From the line containing "Certified 2024 Chevrolet" down to the final line of the entries below, return each line exactly and drop the pictures.
───── Data records
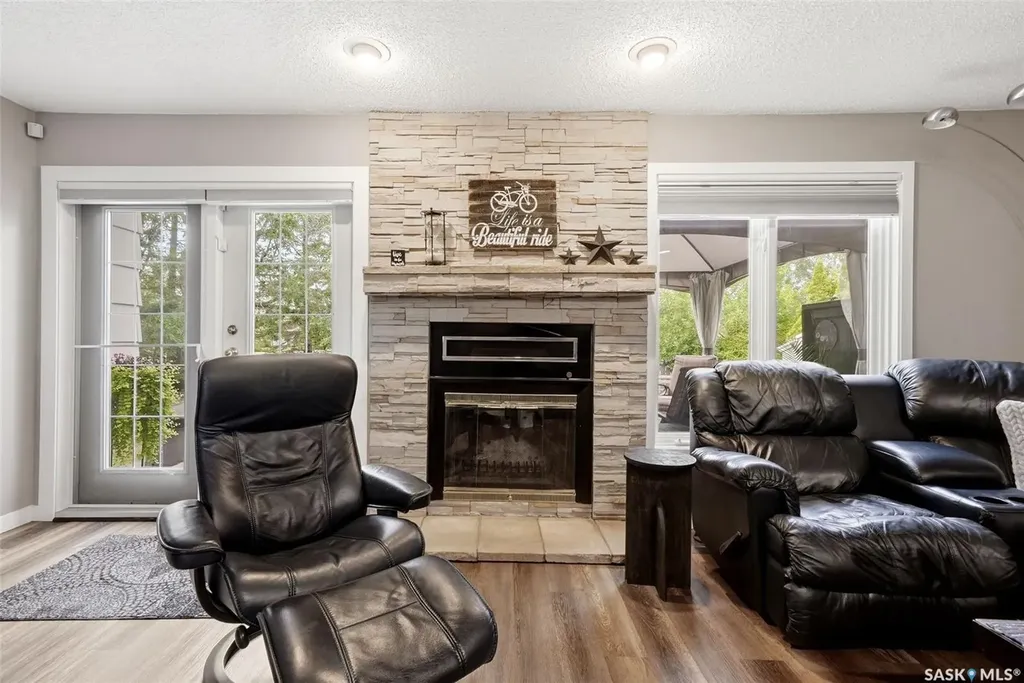 18 Forman Bay Regina SK S4R 7Y2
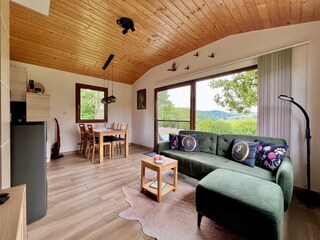 Wohn-/Essbereich mit Panoramablick 2025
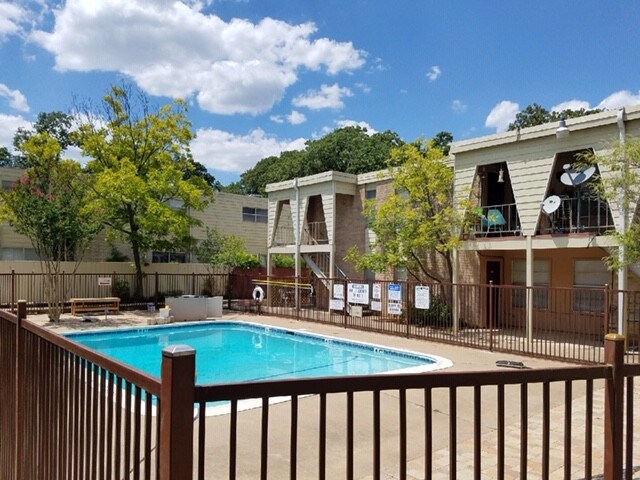 Primary Photo - 2210 Landmark Ct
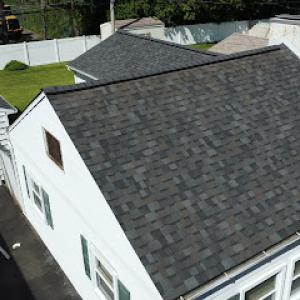 Davinci Roofing-Gutters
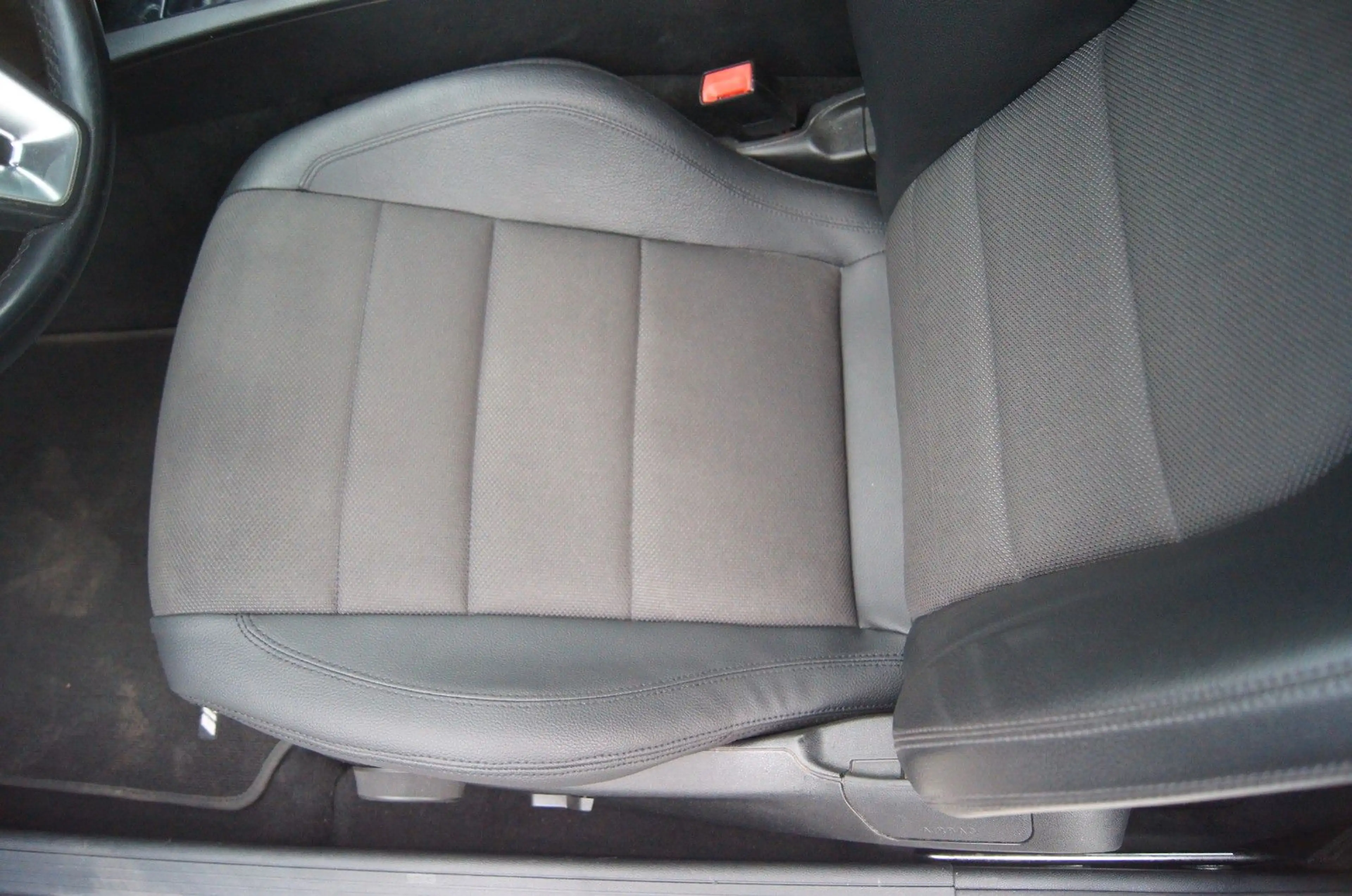 Mercedes-Benz C 180 Coupe CGI BlueEfficiency,viele Neuteile — photo 8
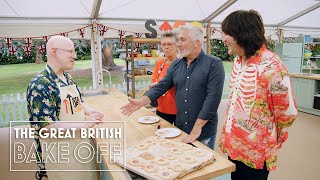 Matt Lucas steps in as A BAKER 😱 | The Great Stand Up To Cancer Bake Off
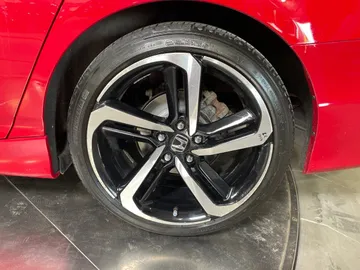 2018 Honda Accord - image 7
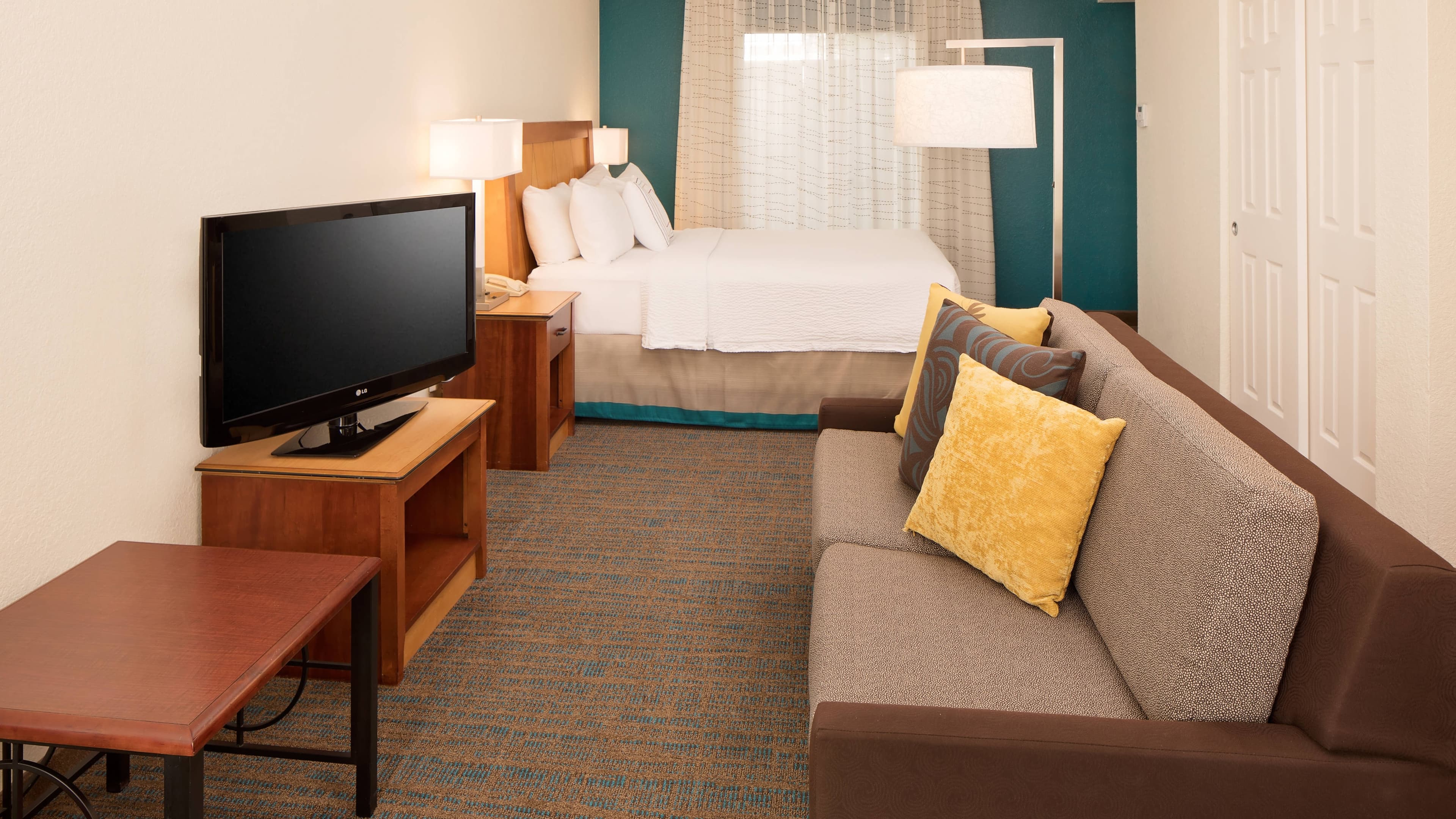 Residence Inn San Jose Campbell - Image 2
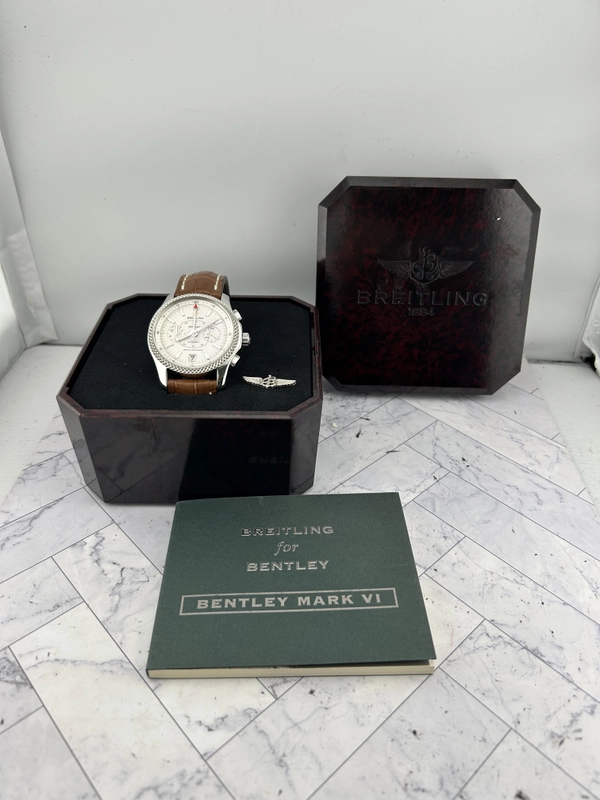 Breitling Bentley Mark VI Silver Dial on Leather Ref. P26362 view 8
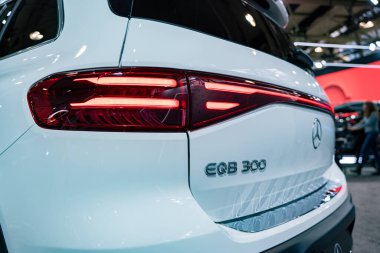 Mercedes Benz EQB 300 4MATIC SUV otomobil 2025 Kanada Uluslararası Otomobil Fuarı 'nda. Toronto, Kanada - 14 Şubat 2025.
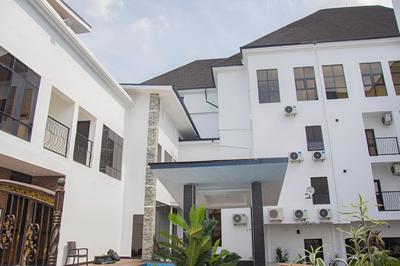 Sparklyn Hotels & Suites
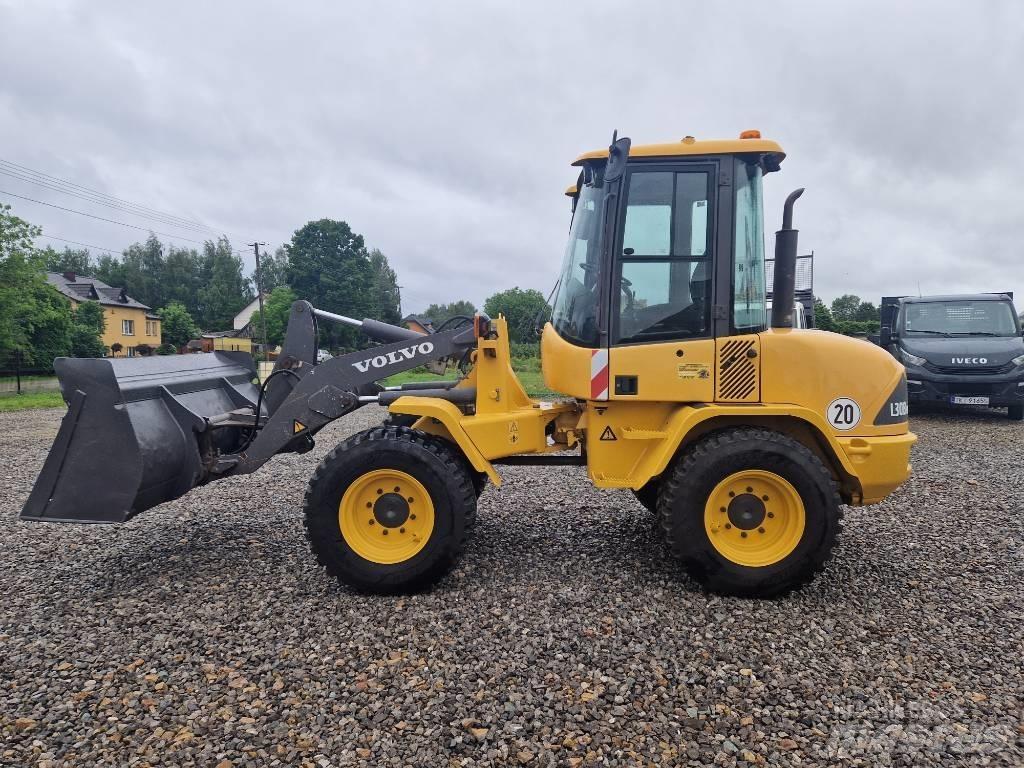 Volvo L 30 Pyöräkuormaajat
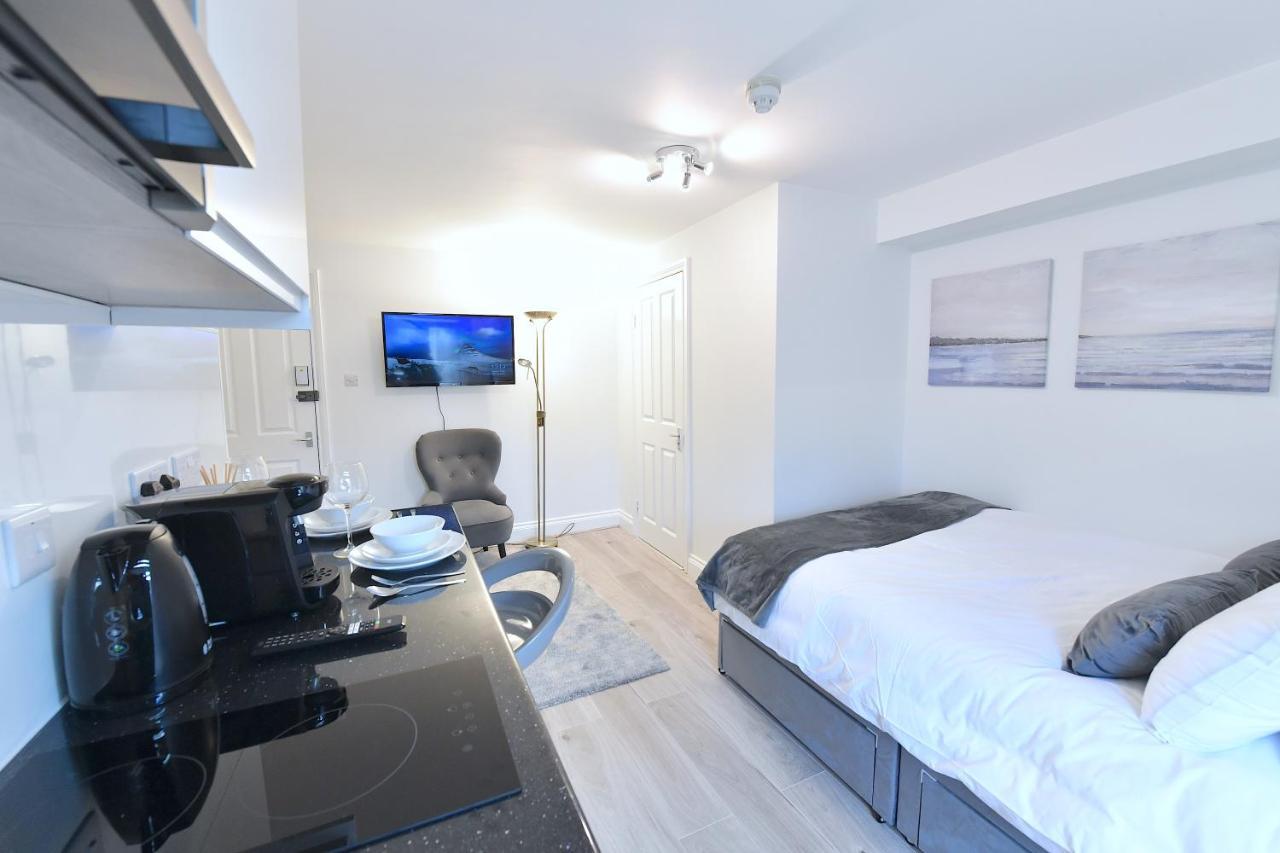Stylish Studios By Luxestays Shepherds Bush Londra Exterior foto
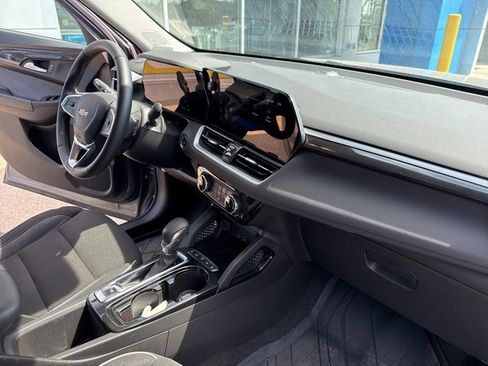 Certified 2024 Chevrolet TrailBlazer LT w/ LT Cold Weather Package image 26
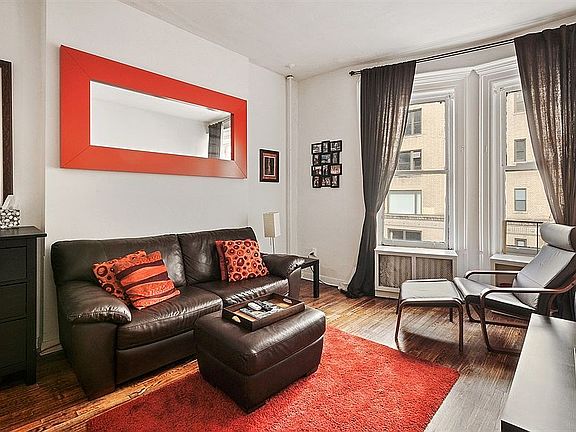 2nd image of 328 W 77th St APT 7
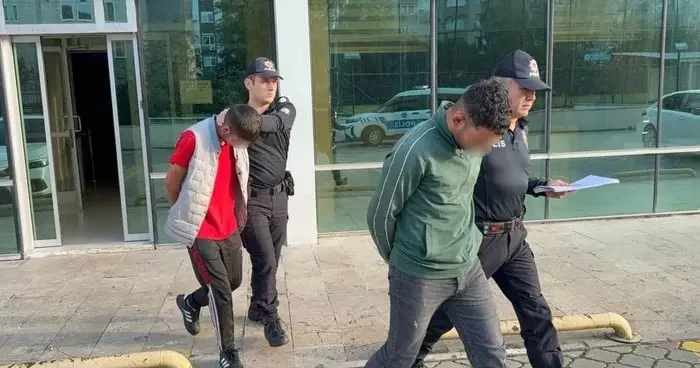 Samsun’da zorla gül satmak isteyen 2 kişi olay çıkartınca tutuklandı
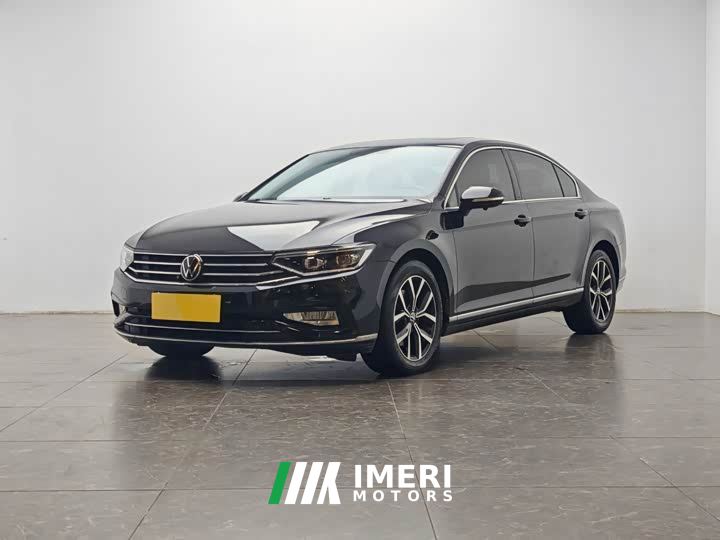 Volkswagen Magotan 330TSI DSG Advance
──────────
## Answer to this problem
 Certified 2024 Chevrolet TrailBlazer LT w/ LT Cold Weather Package image 26
 2nd image of 328 W 77th St APT 7
 Samsun’da zorla gül satmak isteyen 2 kişi olay çıkartınca tutuklandı
 Volkswagen Magotan 330TSI DSG Advance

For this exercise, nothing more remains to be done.